**Activity**
Each line of data below is to be returned exactly, leaving out any picture.

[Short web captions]
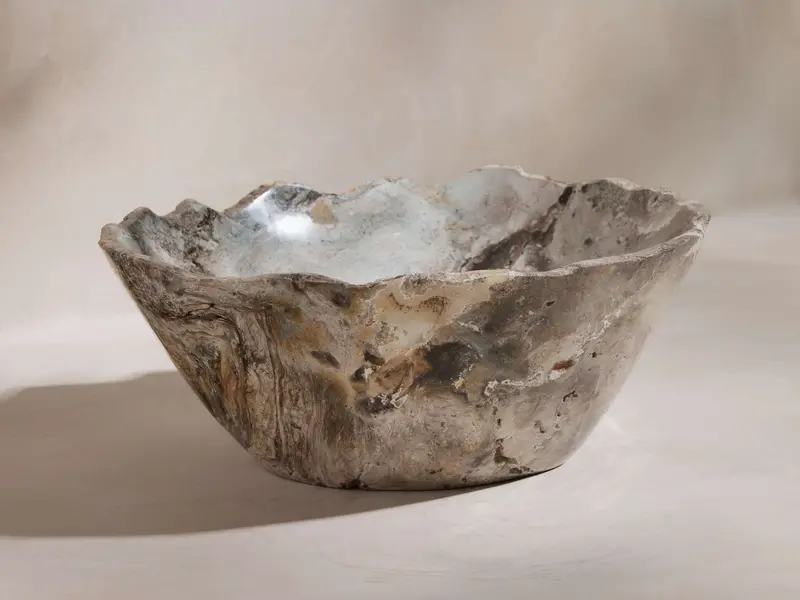 Polished Jasper Stone Serving Bowl – Natural Geode Style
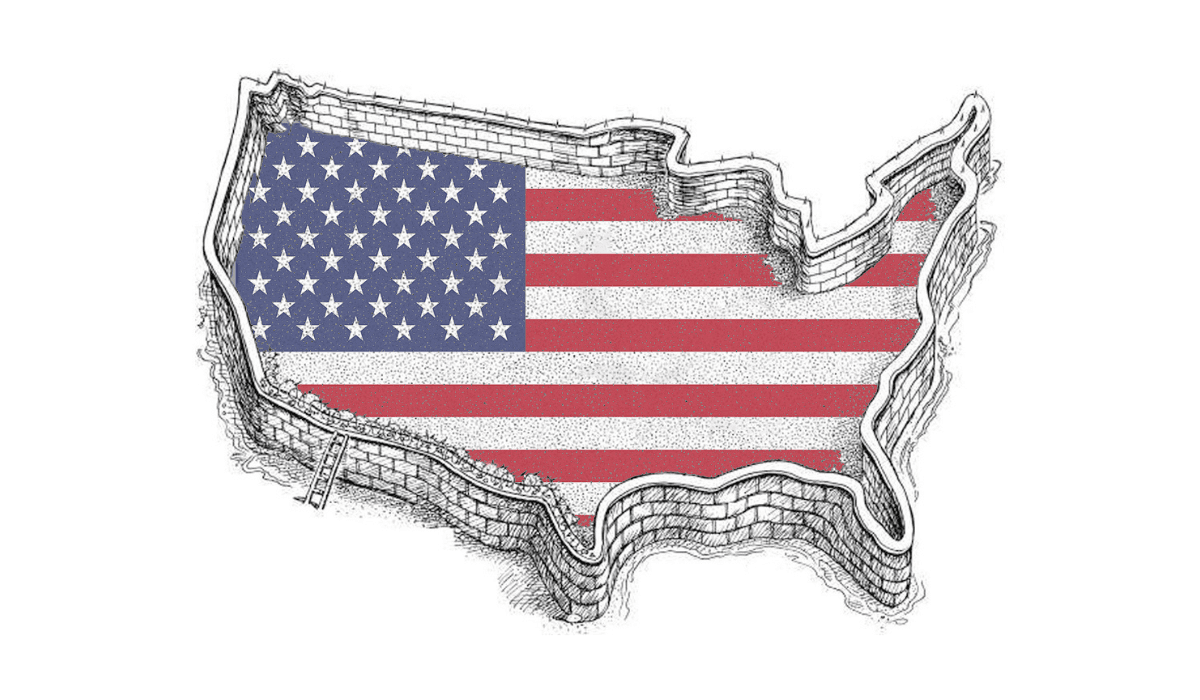 A hand-drawn illustration of the United States' map is enclosed by a fortified wall, resembling a fortress. The interior of the country is filled with the American flag pattern, symbolizing economic protectionism, supply chain isolation, or trade barriers.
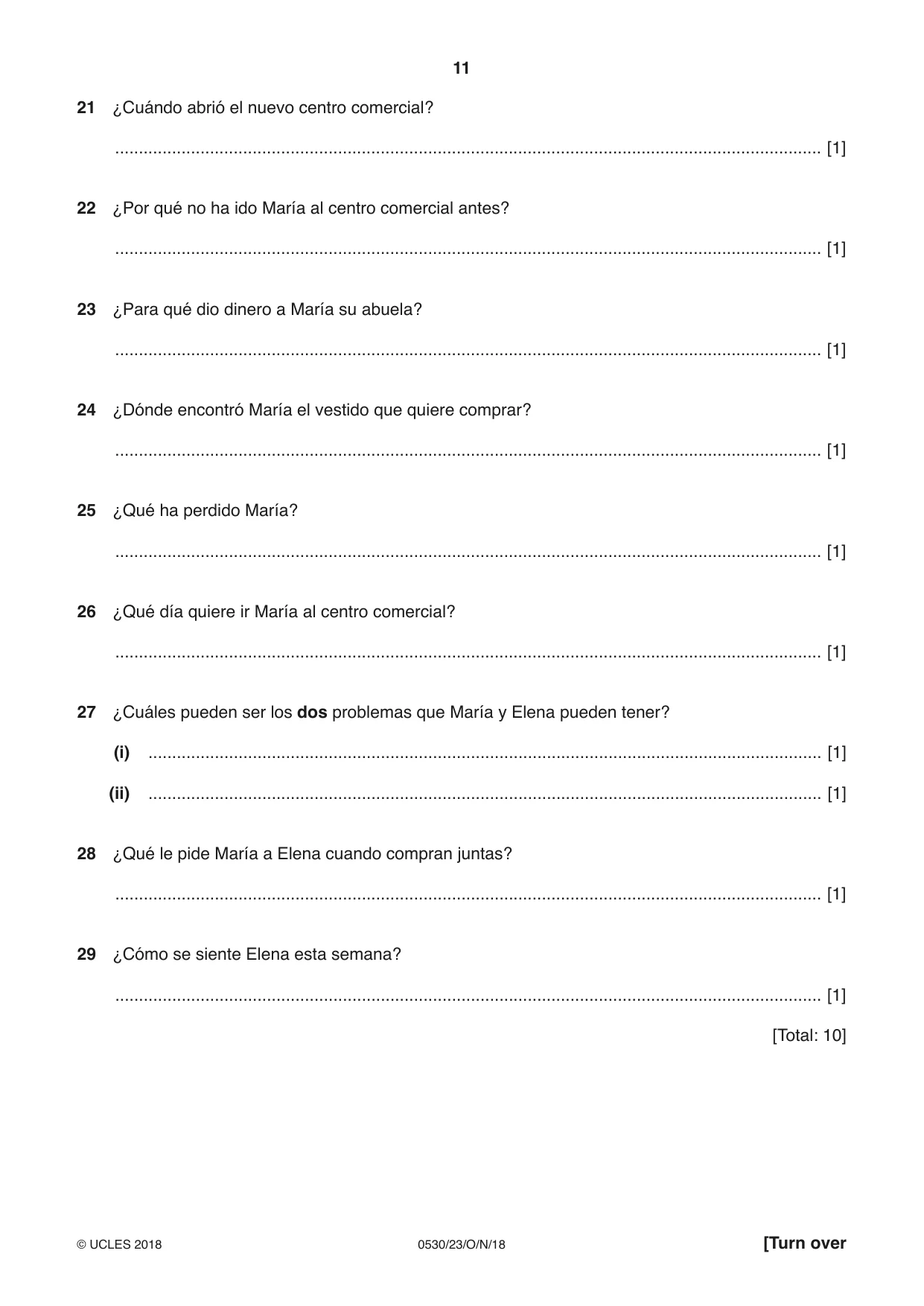 Cambridge IGCSE Spanish - Foreign Language 0530 2018 Oct/Nov Paper 2 · Variant 3 question paper, page 11 of 16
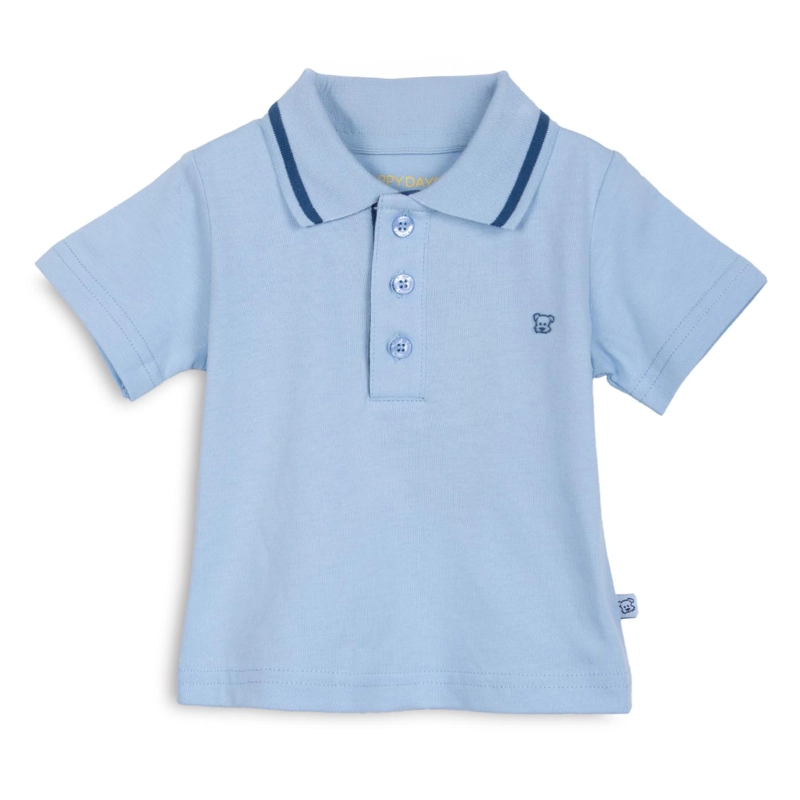 POLERA BEBE  NIÑO MANGA CORTA CUELLO PIQUE  CELESTE PILLIN - 1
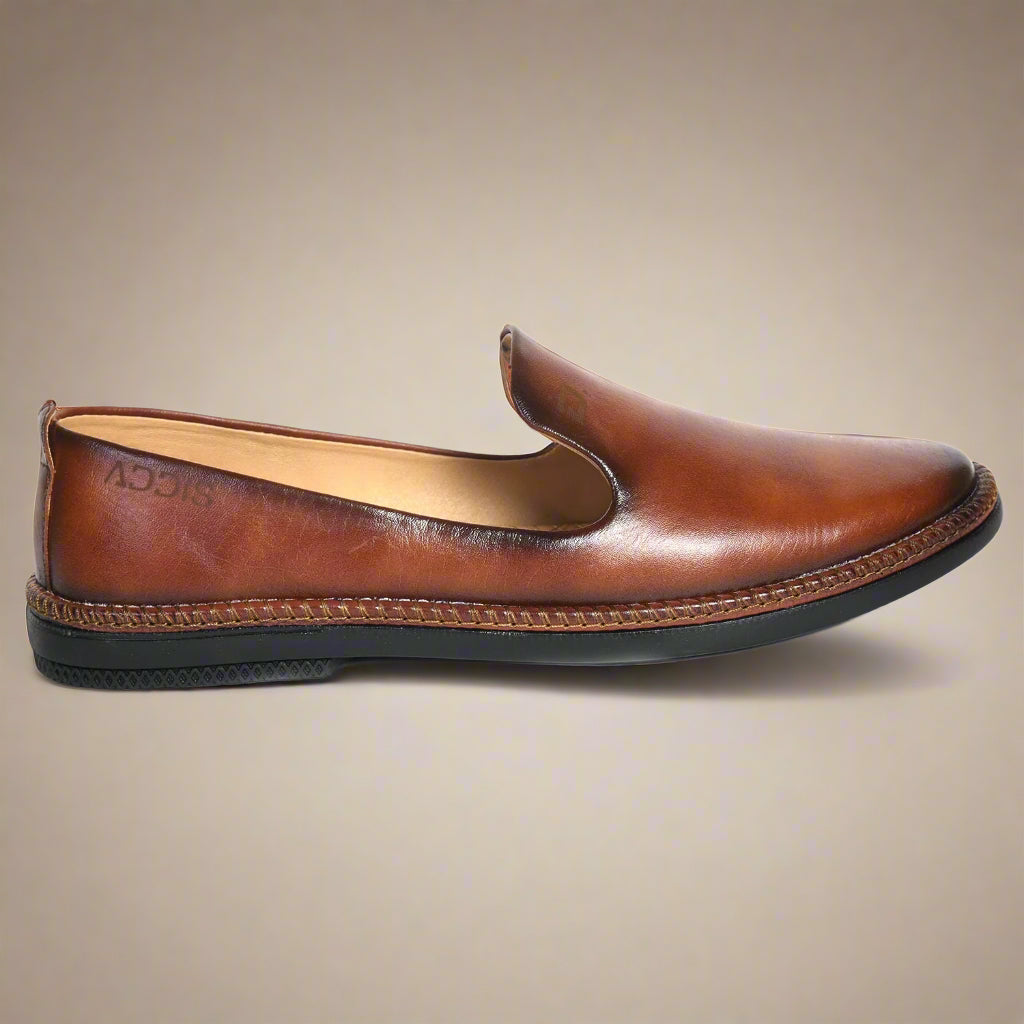 Kolapuri Centre Designer Brown Jutis For Men
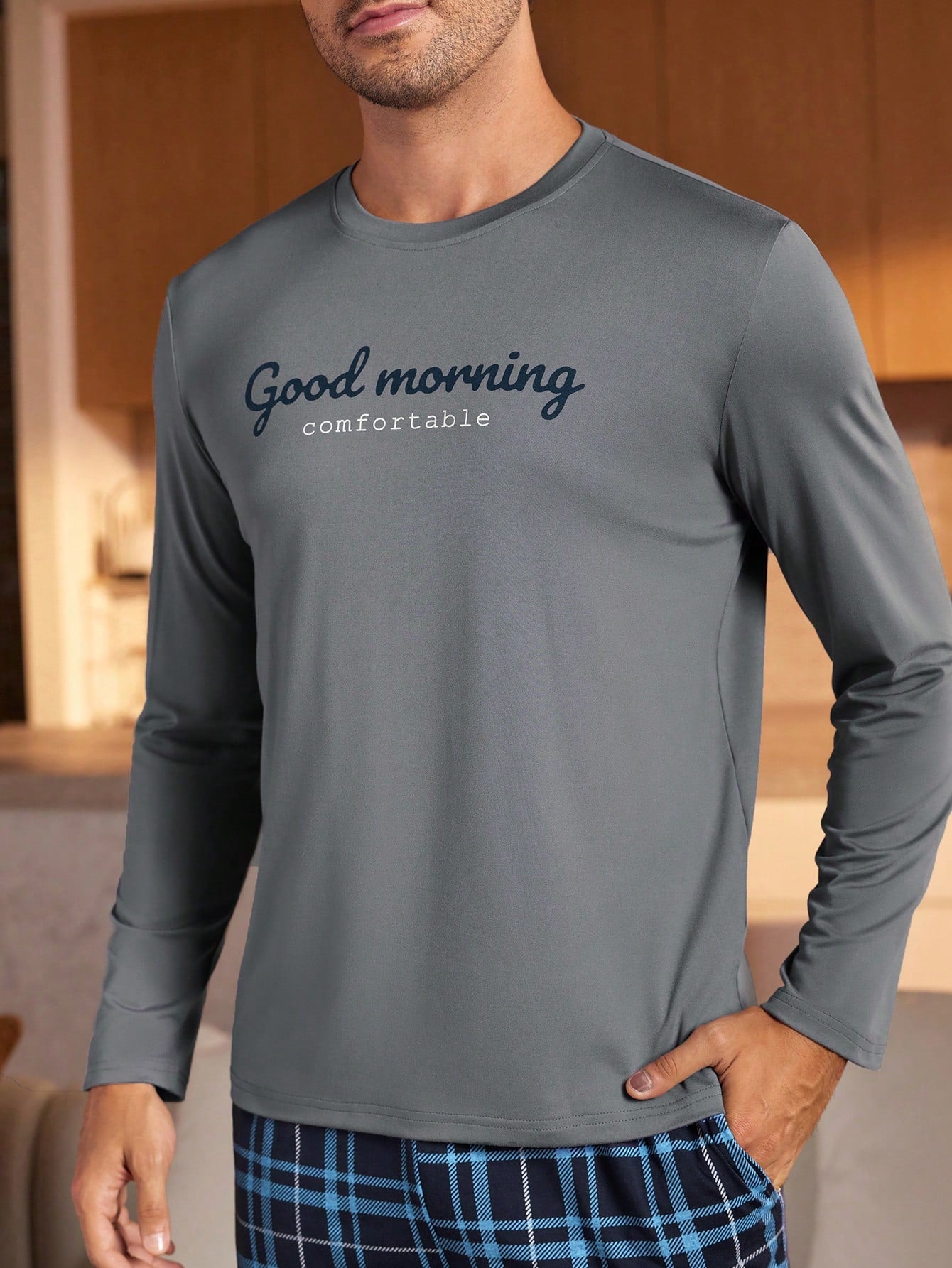 Men's Letter Print Long Sleeve Lounge Top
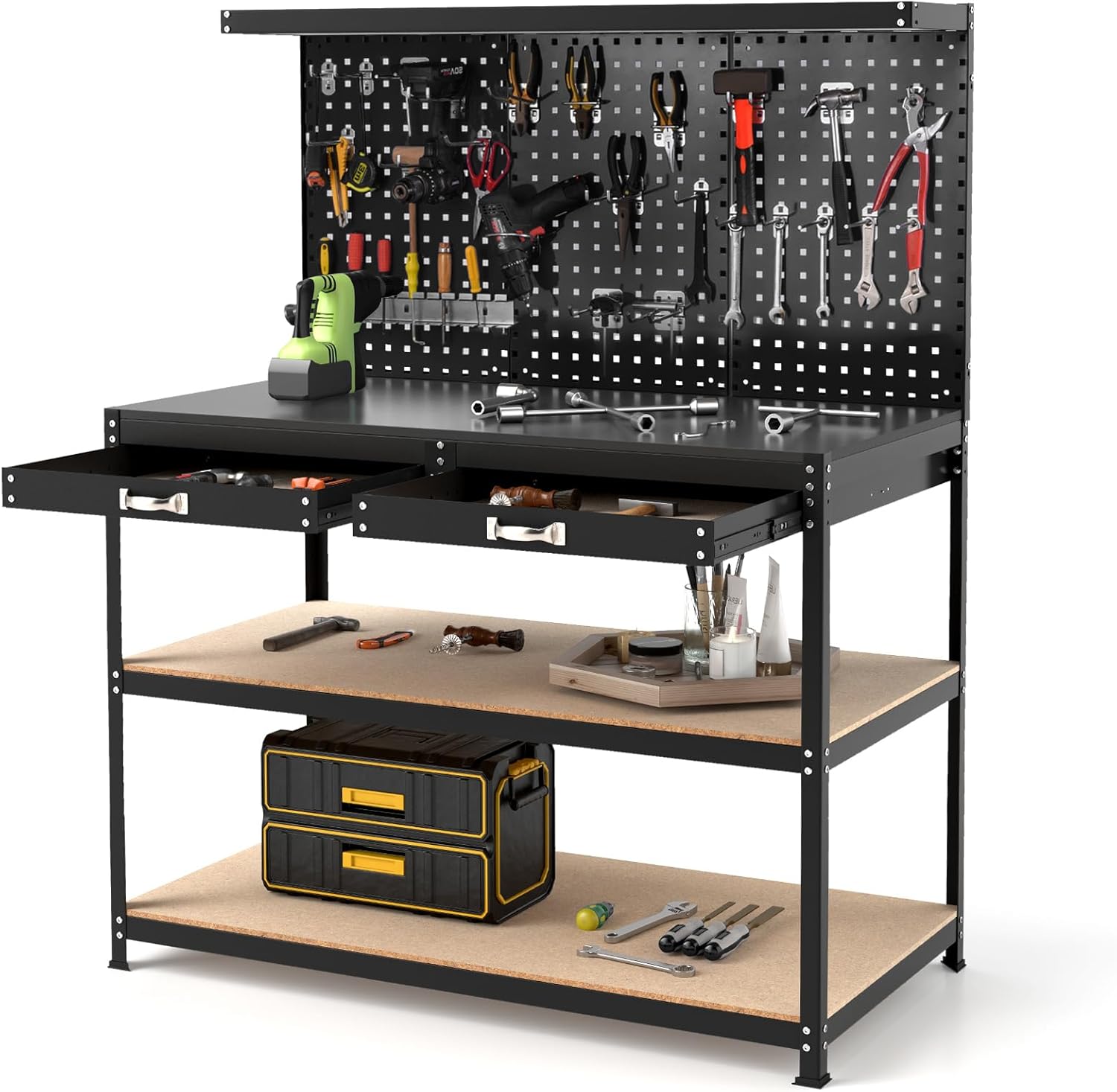 Établi Garage Atelier avec Rangement d'Outils, Table de Travail avec Panneau Perforé, 24 Crochets, 2 Tiroirs, 2 Etagères Ouvertes, Charge Max - 230 KG (Noir)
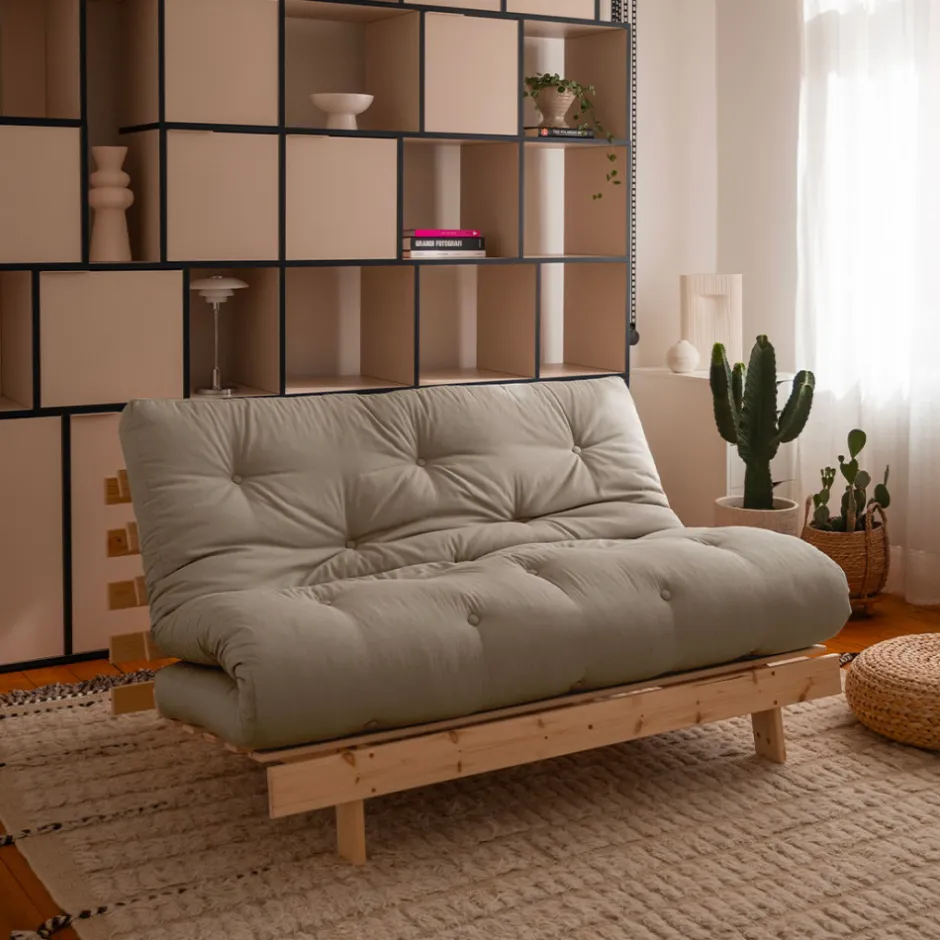 Karup Design ROOTS Canapé convertible 140x200cm en bois naturel et tissu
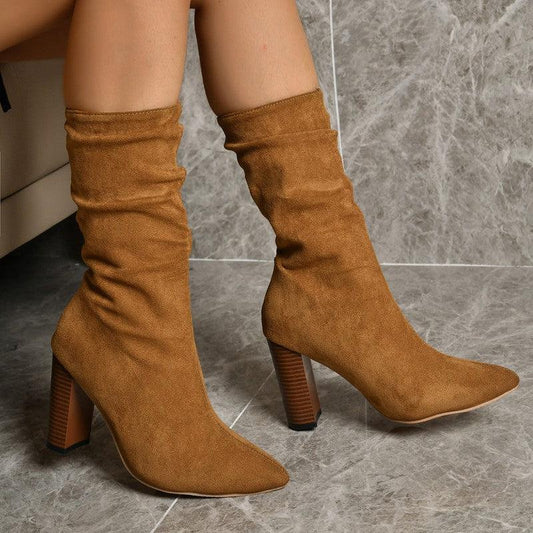 Cheky - Pointed Toe High Block Heels Boots Woman Winter Warm Mid-calf Suede Long Boots New Fashion Trendy Solid Shoes For Party Lady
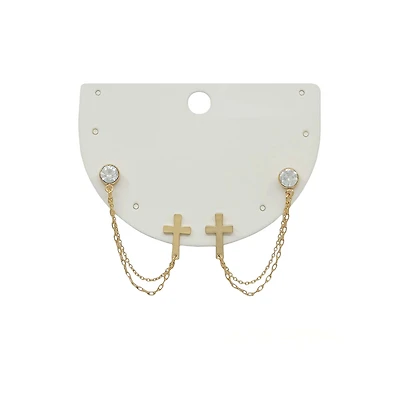 Cross with Rhinestone Chain Earrings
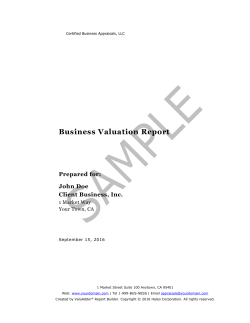 Sample Business Valuation Report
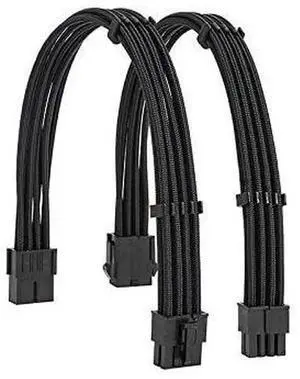 JAENFONG  Sleeve Extension Power Supply Cable Kit 18AWG EPS 8-P+PCI-8-P with Cable Combs for PSU to Motherboard/GPU (Black PCI 8+EPS 8)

**Your response**
 Polished Jasper Stone Serving Bowl – Natural Geode Style
 A hand-drawn illustration of the United States' map is enclosed by a fortified wall, resembling a fortress. The interior of the country is filled with the American flag pattern, symbolizing economic protectionism, supply chain isolation, or trade barriers.
 Cambridge IGCSE Spanish - Foreign Language 0530 2018 Oct/Nov Paper 2 · Variant 3 question paper, page 11 of 16
 POLERA BEBE  NIÑO MANGA CORTA CUELLO PIQUE  CELESTE PILLIN - 1
 Kolapuri Centre Designer Brown Jutis For Men
 Men's Letter Print Long Sleeve Lounge Top
 Établi Garage Atelier avec Rangement d'Outils, Table de Travail avec Panneau Perforé, 24 Crochets, 2 Tiroirs, 2 Etagères Ouvertes, Charge Max - 230 KG (Noir)
 Karup Design ROOTS Canapé convertible 140x200cm en bois naturel et tissu
 Cheky - Pointed Toe High Block Heels Boots Woman Winter Warm Mid-calf Suede Long Boots New Fashion Trendy Solid Shoes For Party Lady
 Cross with Rhinestone Chain Earrings
 Sample Business Valuation Report
 JAENFONG  Sleeve Extension Power Supply Cable Kit 18AWG EPS 8-P+PCI-8-P with Cable Combs for PSU to Motherboard/GPU (Black PCI 8+EPS 8)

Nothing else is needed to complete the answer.